PROBLEM REQUIREMENTS: Restate word for word, and only, the lines that extend from the line containing "Апартаменты Apartamento Luar" through the end of the records below.

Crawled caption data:
■ ■ ■ ■ ■

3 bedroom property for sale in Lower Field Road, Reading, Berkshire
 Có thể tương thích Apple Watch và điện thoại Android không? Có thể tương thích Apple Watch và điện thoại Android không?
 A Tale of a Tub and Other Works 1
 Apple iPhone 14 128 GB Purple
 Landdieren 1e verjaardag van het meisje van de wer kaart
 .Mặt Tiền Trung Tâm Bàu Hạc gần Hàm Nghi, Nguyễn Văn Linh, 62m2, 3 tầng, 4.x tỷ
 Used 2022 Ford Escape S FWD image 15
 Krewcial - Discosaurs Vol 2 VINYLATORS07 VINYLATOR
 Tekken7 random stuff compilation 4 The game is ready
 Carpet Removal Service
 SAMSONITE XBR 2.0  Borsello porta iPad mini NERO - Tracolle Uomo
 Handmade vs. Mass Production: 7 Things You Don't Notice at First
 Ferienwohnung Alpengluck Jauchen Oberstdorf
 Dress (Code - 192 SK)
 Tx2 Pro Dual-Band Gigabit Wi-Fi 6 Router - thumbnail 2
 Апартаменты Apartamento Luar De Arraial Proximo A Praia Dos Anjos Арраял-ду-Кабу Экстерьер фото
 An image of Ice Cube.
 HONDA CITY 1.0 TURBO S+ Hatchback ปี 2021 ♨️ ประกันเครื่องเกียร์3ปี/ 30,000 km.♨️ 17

■ ■ ■ ■ ■

WORKED SOLUTION:
 Апартаменты Apartamento Luar De Arraial Proximo A Praia Dos Anjos Арраял-ду-Кабу Экстерьер фото
 An image of Ice Cube.
 HONDA CITY 1.0 TURBO S+ Hatchback ปี 2021 ♨️ ประกันเครื่องเกียร์3ปี/ 30,000 km.♨️ 17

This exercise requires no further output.